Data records
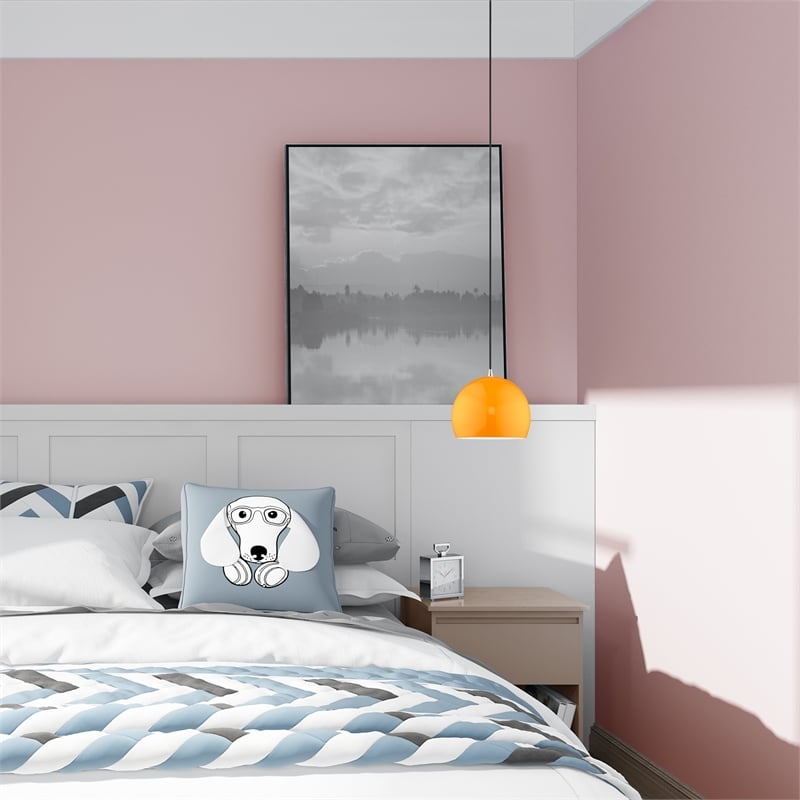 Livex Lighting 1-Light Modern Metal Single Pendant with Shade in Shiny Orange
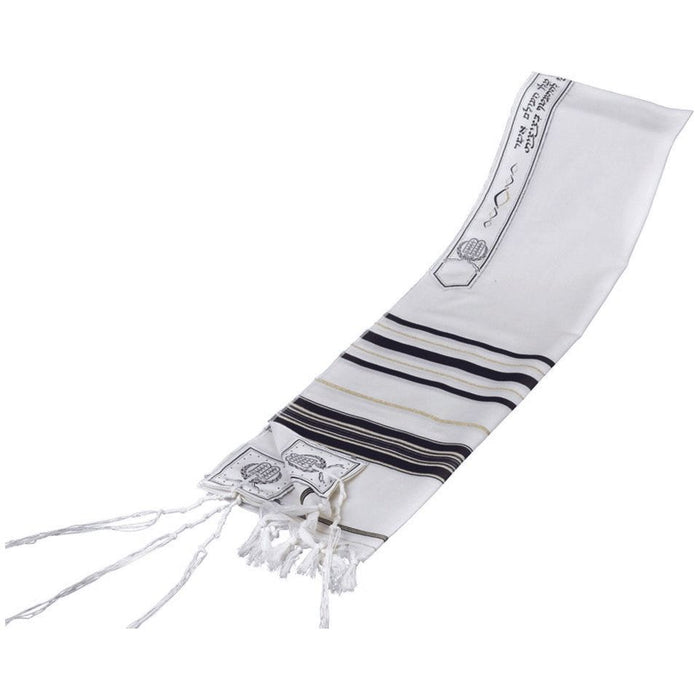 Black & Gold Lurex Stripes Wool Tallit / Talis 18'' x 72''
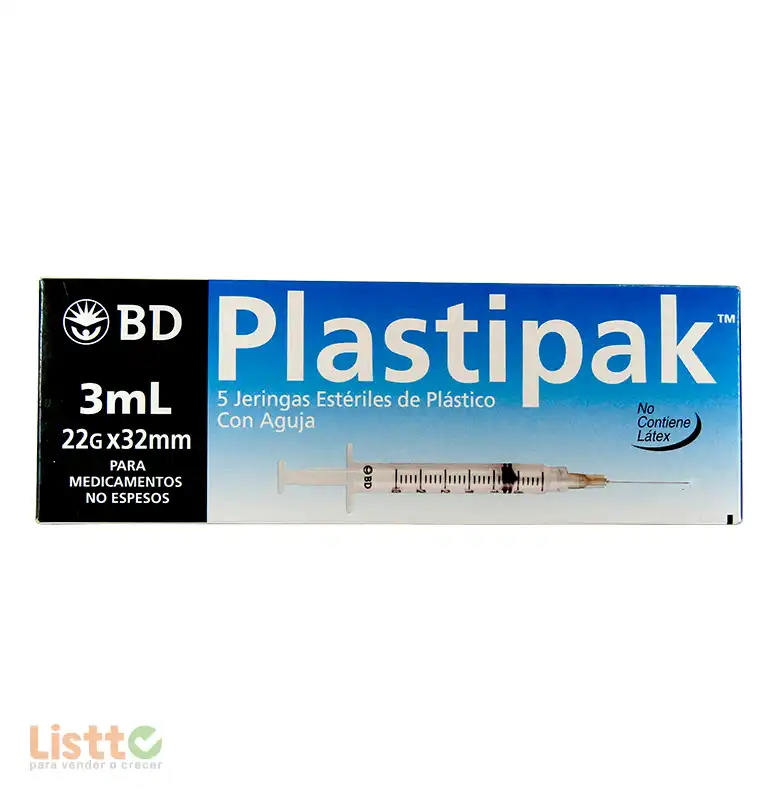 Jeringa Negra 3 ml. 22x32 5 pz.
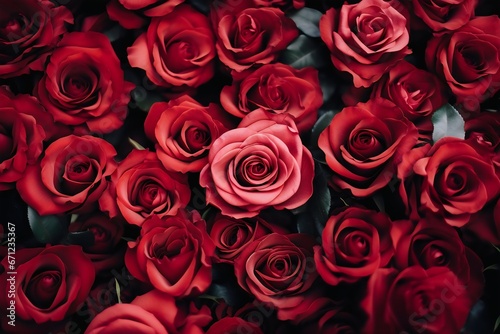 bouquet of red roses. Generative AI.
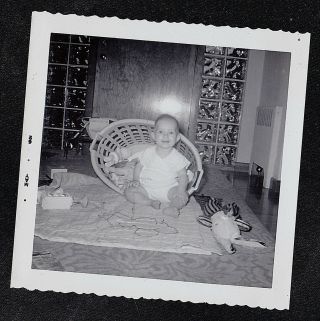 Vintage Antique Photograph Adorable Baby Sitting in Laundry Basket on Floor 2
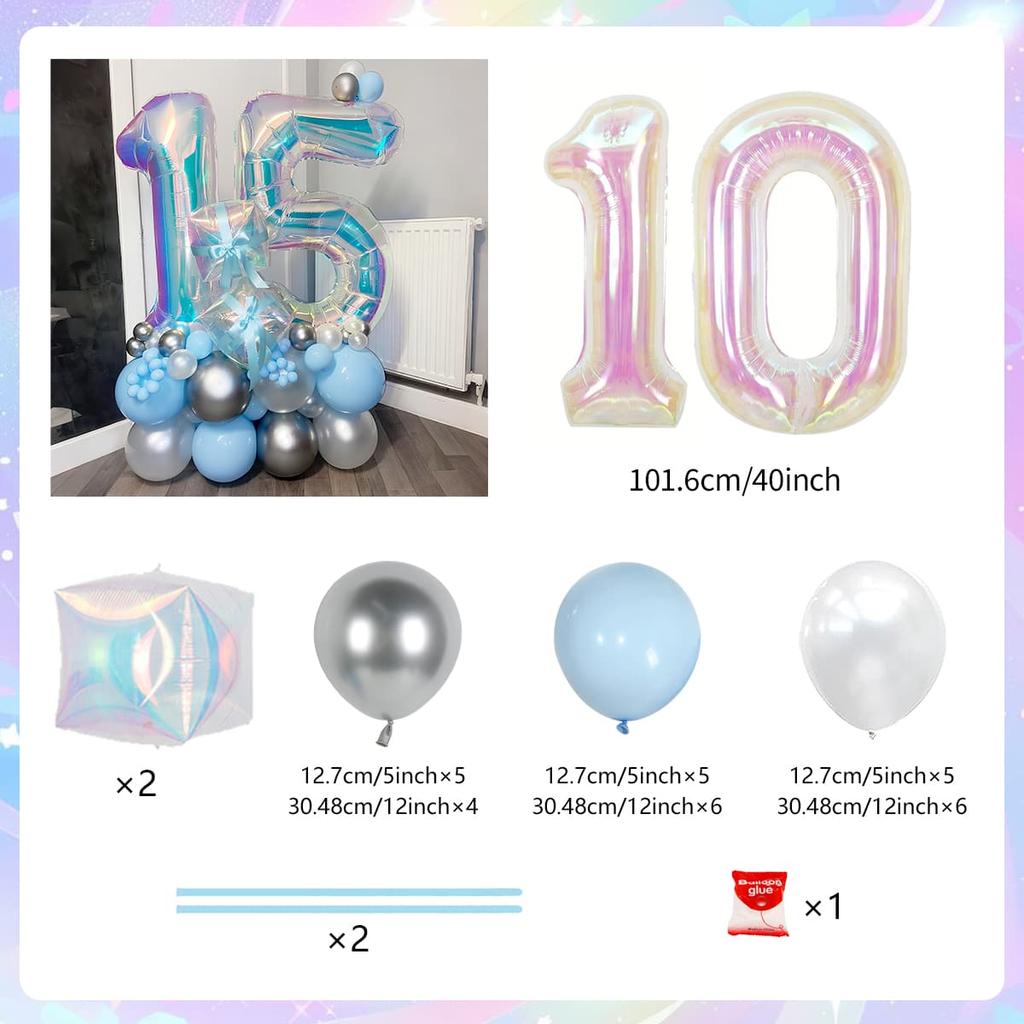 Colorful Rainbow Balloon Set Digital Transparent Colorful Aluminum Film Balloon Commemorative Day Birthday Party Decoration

TASK TO CARRY OUT |
Your answer must be an exact copy of the lines from the start of the entries through the line with "Vintage Antique Photograph", with no pictures.

THE COMPLETED TASK |
 Livex Lighting 1-Light Modern Metal Single Pendant with Shade in Shiny Orange
 Black & Gold Lurex Stripes Wool Tallit / Talis 18'' x 72''
 Jeringa Negra 3 ml. 22x32 5 pz.
 bouquet of red roses. Generative AI.
 Vintage Antique Photograph Adorable Baby Sitting in Laundry Basket on Floor 2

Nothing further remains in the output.